Am 10.11.2014 um 04:08 schrieb Michael Biebl:
> Am 10.11.2014 um 04:02 schrieb Christoph Anton Mitterer:
>> Hey Michael...
>>
>> On Mon, 2014-11-10 at 03:40 +0100, Michael Biebl wrote: 
>>> allow-hotplug interfaces are configured when the actual hardware is
>>> available.
>> But you have seen what I've wrote previously,.. that I *do* in fact also
>> have issues with allow-hotplug... so there most likely is something
>> fishy there (or in unit files of services) as well..
>> So is this something that I should deal with in another bug?
> 
> You are conflating two issues.
> Bringing an interface up with ifup@.service is not racy, since it runs
> when the hardware is actually added. *BUT* you lose the synchronisation
> point that is /etc/init.d/networking, since ifup@.service can be
> triggered at any time and doesn't delay boot.
> SysV init script (or other services which depend on $network or
> network.target) therefor have a problem with allow-hotplug.

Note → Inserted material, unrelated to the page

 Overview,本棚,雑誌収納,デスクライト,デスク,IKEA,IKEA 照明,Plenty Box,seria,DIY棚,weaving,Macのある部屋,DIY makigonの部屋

To provide such a syncronisation point, i.e. having network.target and
network-online.target [1] properly hooked up, I've implemented a PoC
ifupdown-wait-online service. You can get it from [2] and enable it via
"systemctl enable ifupdown-wait-online.service".

This service is hooked up into network.target and network-online.target
and blocks until one interface has been successfully configured or a
timeout is reached.
SysV init scripts which require $network will therefore be started after
at least one interface has been configured, no matter if auto or
allow-hotplug.

As said, this is  PoC and we can further discuss what "network up"
actually is supposed to mean: one interface up, all interfaces up, etc.




[1] http://www.freedesktop.org/wiki/Software/systemd/NetworkTarget/
[2] https://people.debian.org/~biebl/ifupdown-wait-online.tar.gz
-- 
Why is it that all of the instruments seeking intelligent life in the
universe are pointed away from Earth?